Wenngleich ihm das nicht sofort gelingen wird, so hat er in den vergangenen Jahren gezeigt, dass seine Teams hinten gut stehen können. Es wird in jedem Fall spannend, wie sich der BVB in der Rückrunde entwickeln wird.

Stöger ist der defensivere Peter

Der FC Bayern darf sich kurzfristig jedenfalls auf einen BVB einstellen, der nicht so sehr ins offene Messer läuft wie es die Mannschaft unter Bosz noch häufig tat. In Mainz kam die Borussia zwar auf rund 60% Ballbesitz, doch über weite Phasen der Partie agierten sie eher passiv und tief gestaffelt. Aggressives Herausrücken war gerade zu Beginn eher die Seltenheit. Stöger wollte Stabilität erzeugen, indem seine Spieler ihre Positionen hielten.

Das funktionierte letztendlich dahingehend gut, dass Mainz nur drei gefährliche Abschlüsse innerhalb des Sechzehners bekam. Einer von außerhalb segelte zudem an die Latte und der Rest war entweder ungefährlich oder wurde in letzter Sekunde geblockt. Die Null stand am Ende nach längerer Zeit wieder. Auch die gängigen Expected-Goal-Modelle bescheinigten eine gute Defensivleistung der Borussen.

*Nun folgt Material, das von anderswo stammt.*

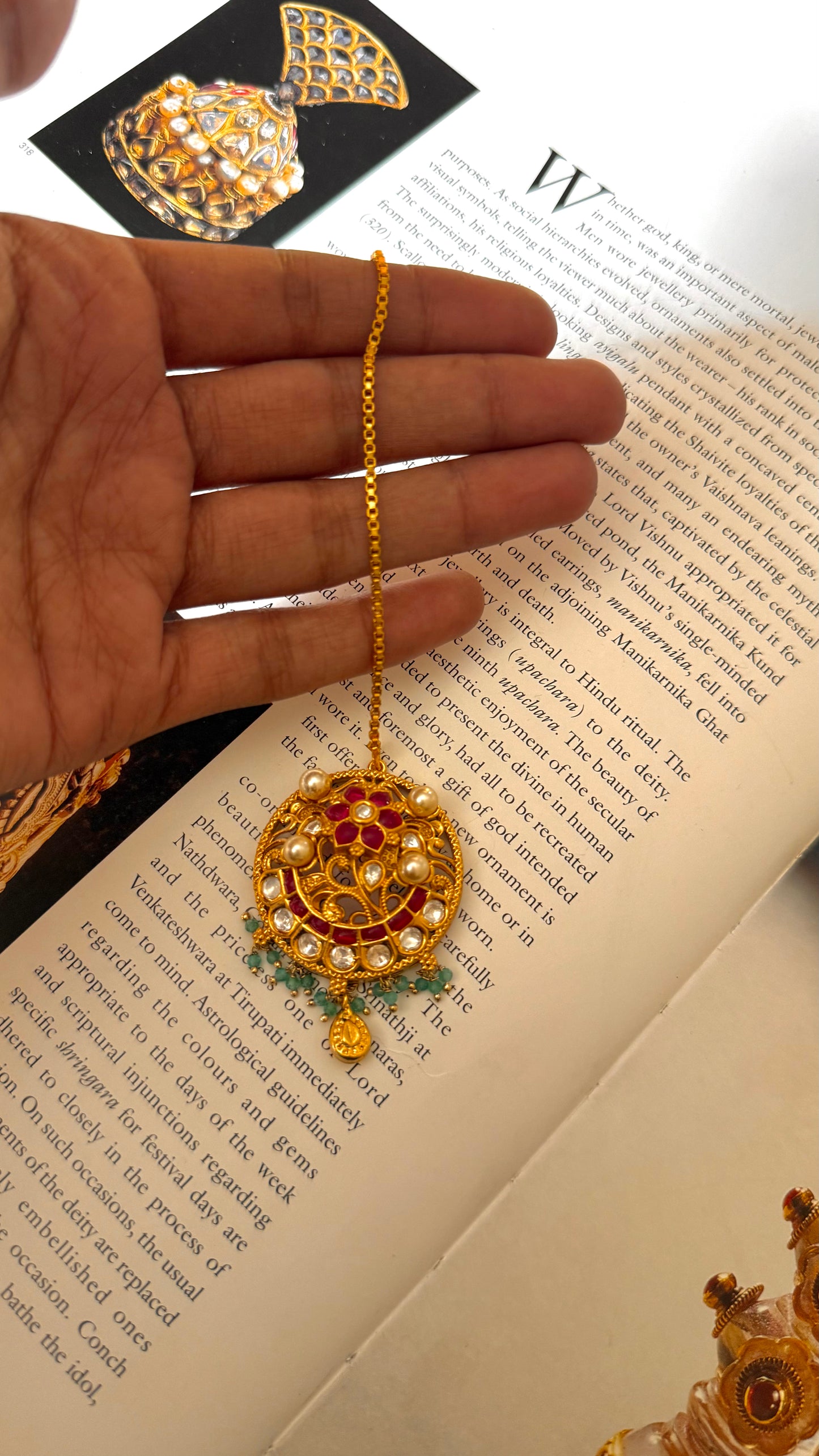 Mint & ruby paachi Rajwada maangtika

Allerdings muss auch gesagt sein, dass Mainz nicht der Gegner war, der für das Pokalspiel am Mittwoch relevant ist, weil sie selbst sehr passiv spielten. Das tiefe Spiel der Dortmunder führte dazu, dass die Borussia selbst nicht so viel Entfaltung nach vorne fand und doch sehr abhängig von der individuellen Klasse war. Dennoch bleibt ein Spiel zurück, das nicht viele Hinweise auf den BVB liefert, den die Bayern im Pokal erwarten.

Da bietet der 2:1-Sieg gegen die TSG Hoffenheim schon mehr Aussagekraft. Acht Abschlüsse hatten die Hoffenheimer im Strafraum der Stöger-Elf und drei davon in sehr aussichtsreicher Position. Ein Wert, der gegen offensiv flexible Hoffenheimer okay ist, aber auch zeigt, dass Dortmund hinten weiterhin Räume bietet. Geht man auch hier nach Expected Goals, so ist das 2:1 letztendlich aber gerechtfertigt und der subjektive Eindruck war ebenfalls, dass Dortmund das leicht bessere Team war.

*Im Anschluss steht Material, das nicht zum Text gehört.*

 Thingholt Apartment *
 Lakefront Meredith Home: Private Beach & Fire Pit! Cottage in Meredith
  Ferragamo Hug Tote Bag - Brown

Es lässt sich deshalb durchaus sagen, dass Stöger bereits erste Erfolge in der Defensive erreicht hat. Nur 45,8% Ballbesitz hatte sein Team gegen die Nagelsmänner, dafür aber mehr Abschlüsse, mehr gefährliche Aktionen und mehr Tore, wenngleich das Siegtor erst spät fiel. Im Gegensatz zur Bosz-Zeit war das Team in den letzten beiden Spielen schon deutlich weniger anfällig. Zumal viele Gegentore vorher aus zu schlecht abgesichertem Pressing resultierten. Dieses Risiko scheint es unter Stöger gar nicht mehr zu geben, wobei abzuwarten bleibt, ob dieses deutlich tiefere System nur zum Übergang dient.

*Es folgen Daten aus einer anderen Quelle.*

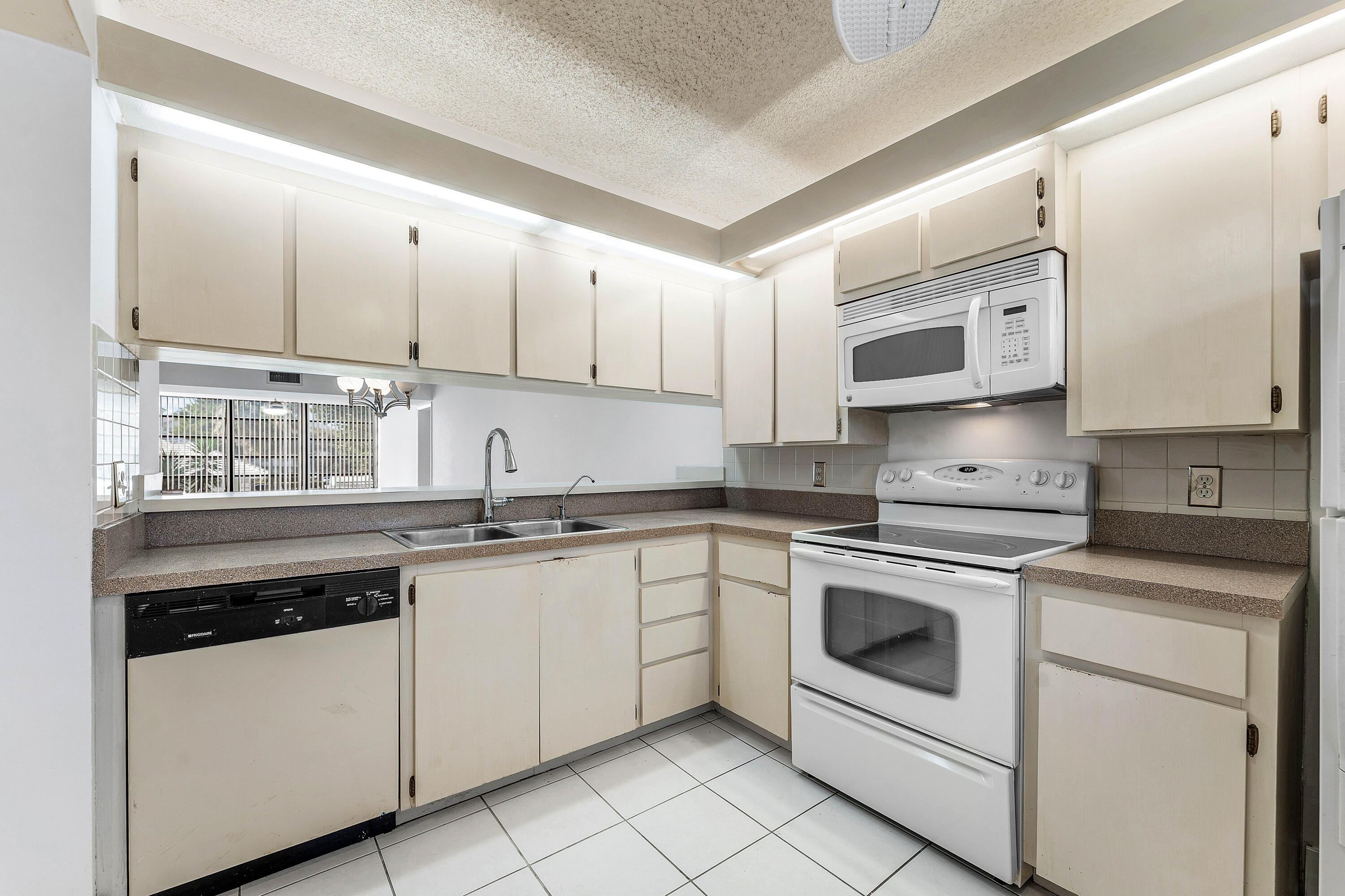 CONDO 18 OF WHITEHALL CONDOS - Residential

Stöger stand schon in Köln für eine sehr gute Defensivorganisation. Dass eine Mannschaft mit so schnellen Spielern Tore schießen kann, steht gar nicht zur Debatte. Die Endgeschwindigkeit wird das Team auch in München auf den Rasen bringen wollen.

Endlich jemand, der die Fanshop-Artikel trägt. An Peter Stöger in Dortmund-Kleidung muss man sich erst noch gewöhnen.
(Foto: Lars Baron / Bongarts / Getty Images)

Worauf die Bayern achten sollten

Mit Köln scheiterte Stöger regelmäßig mit der Idee, gegen den FC Bayern tief zu stehen und dann durch Nadelstiche erfolgreich zu sein. In sechs Aufeinandertreffen hagelte es 16 Gegentore. Nur zwei Treffer erzielte sein Effzeh. Immerhin reichte das zu einem 1:1 am 6. Spieltag der vergangenen Saison, doch die restlichen fünf Partien gingen verloren.

In Dortmund findet er nun eine höhere individuelle Qualität vor. Der BVB war zudem immer am gefährlichsten gegen den Rekordmeister, wenn er aus Umschaltsituationen Gefahr erzeugen konnte. Das wird am Mittwoch vor allem über die Flügel geschehen.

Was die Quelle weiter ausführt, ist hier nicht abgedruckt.